После ужина, во время которого граф похваливанием кушаний и аппетитом успел как-то рассеять несколько дурное расположение духа хозяйки, офицеры распрощались и пошли в свою комнату. Граф пожал руку дяде, к удивлению Анны Федоровны, и ее руку, не целуя, пожал только, пожал даже и руку Лизы, причем взглянул ей прямо в глаза и слегка улыбнулся своею приятной улыбкой. Этот взгляд снова смутил девушку.

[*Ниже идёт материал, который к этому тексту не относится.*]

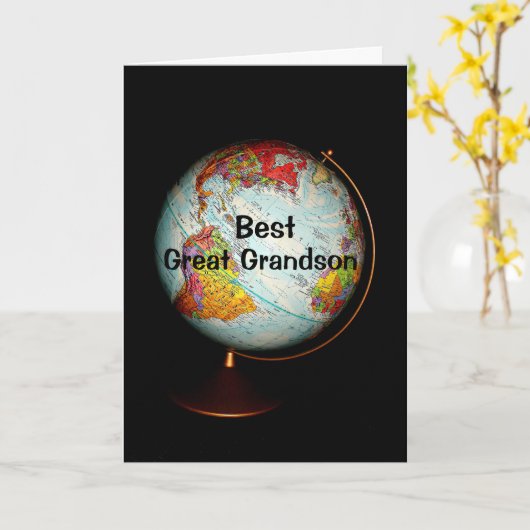 Gelukkige verjaardag van de beste achterkleinzoon  kaart (Gele Bloem)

«А очень хорош, – подумала она, – только уж слишком занимается собой».
XIV
– Ну, как тебе не стыдно? – сказал Полозов, когда офицеры вернулись в свою комнату, – я старался нарочно проиграть, толкал тебя под столом. Ну, как тебе не совестно? Ведь старушка совсем огорчилась.
Граф ужасно расхохотался.
– Уморительная госпожа! как она обиделась!
И он опять принялся хохотать так весело, что даже Иоган, стоявший перед ним, потупился и слегка улыбнулся в сторону.
– Вот те и сын друга семейства!… ха, ха, ха! – продолжал смеяться граф.